"No, Miss Beauclerc. I am waiting for George Prattleton. He is at Griffin's."
"Miss Beauclerc!" she echoed; "how formal you are to-night. I'd not be as cold as you, Henry Arkell, for the whole world!"
"I, cold!"
He said no more in refutation. If Georgina could but have known his real feelings! If she could but have divined how his pulses were beating, his veins coursing! Perhaps she did.

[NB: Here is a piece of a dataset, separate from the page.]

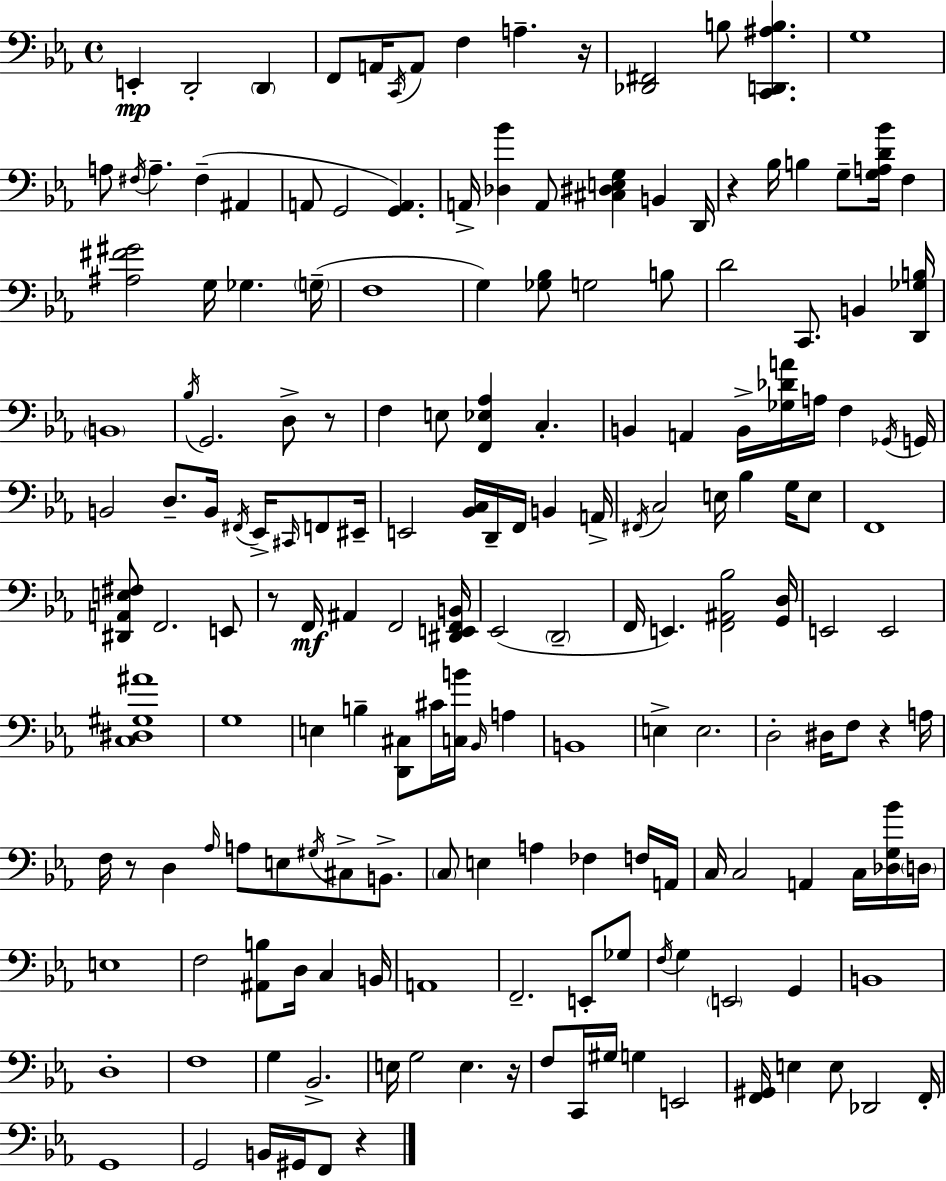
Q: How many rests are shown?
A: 8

"Are you better? What a fall you had! And to faint after it!"
"Yes, I think I am better, thank you. It hurt my head a little."
"And you had been annoyed with those rebellious school boys! You are not half strict enough with the choristers. I hope Aultane will get a flogging, as Lewis did for locking you up in St. James's Church. I asked Lewis the next day how he liked it: he was so savage. I think he'd murder you if he could: he's jealous, you know."
She laughed as she spoke the last words, and her gay blue eyes were bent on him; he could discern them even in the dark, obscure corner where the deanery door stood. Henry did not answer: he was in wretched spirits.
"Harry, tell me—why is it you so rarely come to the deanery? Do you think any other college boy would dare to set at nought the dean's invitations—and mine?"
"Remembering what passed between us one night at the deanery—the audit night—can you wonder that I do not oftener come?" he inquired.